Die Arzneimittelkommission der deutschen Ärzteschaft hat Therapieempfehlungen zur Behandlung degenerativer Gelenkerkrankungen veröffentlicht. Auch sie kommt darin zu dem Schluss, dass derzeit keine klinischen Studien vorliegen, in denen nachweislich gezeigt werden konnte, dass Glucosamin allein oder in Kombination mit Chondroitin verschleißbedingte Veränderungen verlangsamen oder gar umkehren kann.
Nahrungsergänzungsmittel mit Glucosamin, Chondroitin & Co.
Nun ist es eine Sache, wenn eine Substanz als Arzneimittel wirken und so Symptome lindern sowie Krankheiten heilen soll. Dann wird sie, in der Regel in hoher Dosierung, gezielt verabreicht, um eine Heilwirkung zu erzielen.
Was aber, wenn dieser Stoff in geringerer Dosierung als Lebensmittel in Verkehr gebracht wird – zum Beispiel als Nahrungsergänzungsmittel? Kann derselbe Wirkstoff dann auch den Gesunden vor den gleichen Beschwerden bewahren?
Die Anbieter von glucosamin- und chondroitinhaltigen Nahrungsergänzungsmitteln oder auch Kollagenpräparaten verwendeten lange entsprechende gesundheitsbezogenen Angaben, sogenannte "Health Claims". So stand beispielsweise auf der Verpackung: "Hilft, gesunde Gelenke zu erhalten", "unterstützt die Mobilität" oder "Kollagen macht die Gelenke beweglich und geschmeidig".

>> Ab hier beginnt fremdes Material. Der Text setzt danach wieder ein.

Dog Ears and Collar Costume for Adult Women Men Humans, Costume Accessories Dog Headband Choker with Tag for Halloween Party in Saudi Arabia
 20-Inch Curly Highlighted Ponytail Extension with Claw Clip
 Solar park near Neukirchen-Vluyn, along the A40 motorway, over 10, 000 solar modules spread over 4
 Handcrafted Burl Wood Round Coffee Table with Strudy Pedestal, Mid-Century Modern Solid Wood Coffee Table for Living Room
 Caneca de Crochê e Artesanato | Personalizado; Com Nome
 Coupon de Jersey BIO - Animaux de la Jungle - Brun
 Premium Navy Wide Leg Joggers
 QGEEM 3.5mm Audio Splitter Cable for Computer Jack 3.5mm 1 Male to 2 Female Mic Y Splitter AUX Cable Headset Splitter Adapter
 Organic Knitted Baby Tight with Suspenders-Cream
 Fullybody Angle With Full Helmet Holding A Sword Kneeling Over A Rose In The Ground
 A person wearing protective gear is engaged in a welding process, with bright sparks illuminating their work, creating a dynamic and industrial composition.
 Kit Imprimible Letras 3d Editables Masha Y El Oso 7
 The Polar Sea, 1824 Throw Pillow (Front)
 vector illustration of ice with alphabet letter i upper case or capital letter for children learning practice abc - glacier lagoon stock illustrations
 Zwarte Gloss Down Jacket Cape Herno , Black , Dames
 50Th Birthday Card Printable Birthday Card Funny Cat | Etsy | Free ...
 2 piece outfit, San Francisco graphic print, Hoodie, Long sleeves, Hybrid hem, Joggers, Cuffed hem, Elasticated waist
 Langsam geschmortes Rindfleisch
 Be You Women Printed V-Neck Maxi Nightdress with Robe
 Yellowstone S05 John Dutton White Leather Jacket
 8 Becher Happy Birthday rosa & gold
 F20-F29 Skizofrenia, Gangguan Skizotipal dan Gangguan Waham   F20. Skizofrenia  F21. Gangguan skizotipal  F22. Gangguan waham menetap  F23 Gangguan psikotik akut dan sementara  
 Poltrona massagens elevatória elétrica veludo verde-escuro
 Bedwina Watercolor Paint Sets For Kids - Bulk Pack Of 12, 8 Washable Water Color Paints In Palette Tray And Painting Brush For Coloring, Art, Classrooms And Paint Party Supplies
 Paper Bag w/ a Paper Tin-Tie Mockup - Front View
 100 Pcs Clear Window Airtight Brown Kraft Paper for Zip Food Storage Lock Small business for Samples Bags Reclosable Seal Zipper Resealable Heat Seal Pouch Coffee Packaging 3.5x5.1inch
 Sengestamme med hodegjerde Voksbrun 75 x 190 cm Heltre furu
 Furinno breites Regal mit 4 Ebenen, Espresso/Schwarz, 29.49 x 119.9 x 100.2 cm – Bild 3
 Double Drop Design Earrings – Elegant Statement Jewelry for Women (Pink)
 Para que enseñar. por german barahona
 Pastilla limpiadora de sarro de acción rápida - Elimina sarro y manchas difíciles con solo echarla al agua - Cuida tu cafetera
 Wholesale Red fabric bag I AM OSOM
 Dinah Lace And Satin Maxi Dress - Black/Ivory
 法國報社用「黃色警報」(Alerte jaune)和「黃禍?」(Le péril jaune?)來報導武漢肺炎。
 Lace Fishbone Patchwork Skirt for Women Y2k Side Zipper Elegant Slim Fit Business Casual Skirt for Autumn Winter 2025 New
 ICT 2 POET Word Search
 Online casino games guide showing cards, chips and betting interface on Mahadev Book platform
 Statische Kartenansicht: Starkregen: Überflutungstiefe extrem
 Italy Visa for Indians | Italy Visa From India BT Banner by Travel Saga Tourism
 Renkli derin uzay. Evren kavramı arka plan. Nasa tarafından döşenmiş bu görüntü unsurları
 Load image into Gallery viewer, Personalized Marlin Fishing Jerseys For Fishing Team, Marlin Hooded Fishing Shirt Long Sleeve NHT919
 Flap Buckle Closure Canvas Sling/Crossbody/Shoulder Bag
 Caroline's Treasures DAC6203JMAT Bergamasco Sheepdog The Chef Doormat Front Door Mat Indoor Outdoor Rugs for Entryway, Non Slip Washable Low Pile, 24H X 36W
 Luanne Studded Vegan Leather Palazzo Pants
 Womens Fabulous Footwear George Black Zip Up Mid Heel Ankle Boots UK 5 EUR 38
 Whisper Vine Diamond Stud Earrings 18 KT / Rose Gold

Nicht alle Gesundheits-Aussagen zulässig
Im Rahmen der Überprüfung und Bewertung dieser "Health Claims" ist die Europäische Behörde für Lebensmittelsicherheit (EFSA) rigoros vorgegangen. Seit dem 14. Dezember 2012 dürfen Lebensmittelhersteller nur noch 222 bestimmte 'Health Claims' verwenden – mehrheitlich Aussagen zu Vitaminen und Mineralstoffen.
Bei den zulässigen Health Claims handelt es sich zumeist um hinlänglich bekanntes Lehrbuchwissen, beispielsweise: "Fluorid trägt zur Erhaltung der Zahnmineralisierung bei", "Calcium wird für die Erhaltung normaler Knochen benötigt" oder "Thiamin (Vitamin B1) trägt zu einem normalen Energiestoffwechsel bei".
Die EFSA verneinte im gleichen Zug rund 1.600 andere gesundheitsbezogene Angaben, unter anderem, weil die beanspruchten Behauptungen nicht ausreichend belegt waren.
Dies traf auch die Aussagen zur Gelenkgesundheit durch Glucosamin und Chondroitin: Weder seien Arthrosepatienten repräsentativ für die allgemeine Bevölkerung noch könnten Studienergebnisse, die an Arthrosepatienten gewonnen wurden, auf den Erhalt normaler Gelenke hochgerechnet werden, wie es in einer Stellungnahme der EFSA heißt.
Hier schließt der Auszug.